14. Hukuk Dairesi 2019/2513 E. , 2020/2844 K.
"İçtihat Metni"MAHKEMESİ :Asliye Hukuk Mahkemesi
Davacı vekili tarafından, davalı aleyhine 30.01.2014 gününde verilen dilekçe ile asıl davada tapu iptali ve tescil, birleştirilen davada el atmanın önlenmesi, kal ve ecrimisil talebi üzerine yapılan duruşma sonunda; asıl davanın reddine, birleştirilen davanın kabulüne dair verilen 09.01.2019 günlü hükmün Yargıtayca incelenmesi davacı-birleştirilen dosya davalısı vekili tarafından istenilmekle süresinde olduğu anlaşılan temyiz dilekçesinin kabulüne karar verildikten sonra dosya ve içerisindeki bütün kağıtlar incelenerek gereği düşünüldü:
K A R A R
Asıl dava temliken tescil veya yapı bedeli tazmini, birleştirilen dava elatmanın önlenmesi, kal ve ecrimisil istemlerine ilişkindir.
Davacı vekili, müvekkilinin 7101 ada 6 parseldeki taşınmazın önceki paydaşından yer satın aldığını, bina yaptığını uzun yıllardır da kullanımına engel olan olmadığını, bina değeri arsa değerinden fazla olduğundan ve davacı da iyiniyetli olduğundan taşınmazın tapusunun iptali ile davacı adına tescili olmazsa yapı bedelinin tahsilini talep etmiştir.
Davalı Hazine vekili, davanın reddini savunmuştur.

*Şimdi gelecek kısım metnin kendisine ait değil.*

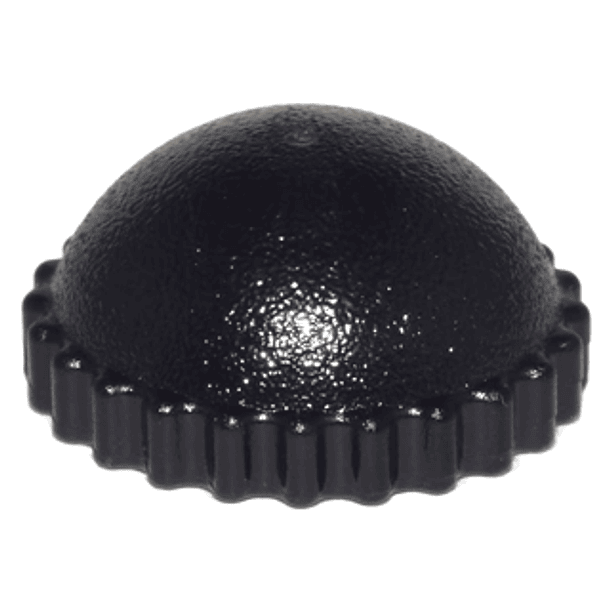 Minifigura, Gorro, Tejer 2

Davalı ... ve Mesut vekili de, davanın reddini savunarak birleştirilen davada elatmanın önlenmesi, kal ve ecrimisil talebinde bulunmuştur.
Mahkemece asıl davanın reddine, birleştirilen davada ecrimisil isteminin kabulüne, diğer talepler yönünden davanın açılmamış sayılmasına karar verilmiştir.
Davacı vekili ve davalı Hazine vekilinin temyizleri üzerine Dairemiz 24.10.2018 tarihli 2016/6278 Esas, 2018/7092 Karar sayılı ilamında "...1)Yapılan yargılamaya, toplanan delillere ve dosya kapsamına göre davacı vekilinin tüm, davalı ... vekilinin ise aşağıdaki bendin kapsamı dışında kalan temyiz itirazları yerinde görülmemiş, reddi gerekmiştir.
2)Avukatlık Asgari Ücret Tarifesi"nin 3/2. maddesinde; "Müteselsil sorumluluk da dahil olmak üzere birden fazla davalı aleyhine açılan davanın reddinde, ret sebebi ortak olan davalılar vekiline tek, ret sebebi ayrı olan davalılar vekili lehine ise her ret sebebi için ayrı ayrı vekalet ücretine hükmolunur." hükmü yer almaktadır.
Somut olayda; davanın ret gerekçesi tüm davalılar için tek olduğundan, davalılar lehine tek vekalet ücretine yönelik hüküm verilmesi gerekir..." gerekçesiyle bozma kararı vermiştir.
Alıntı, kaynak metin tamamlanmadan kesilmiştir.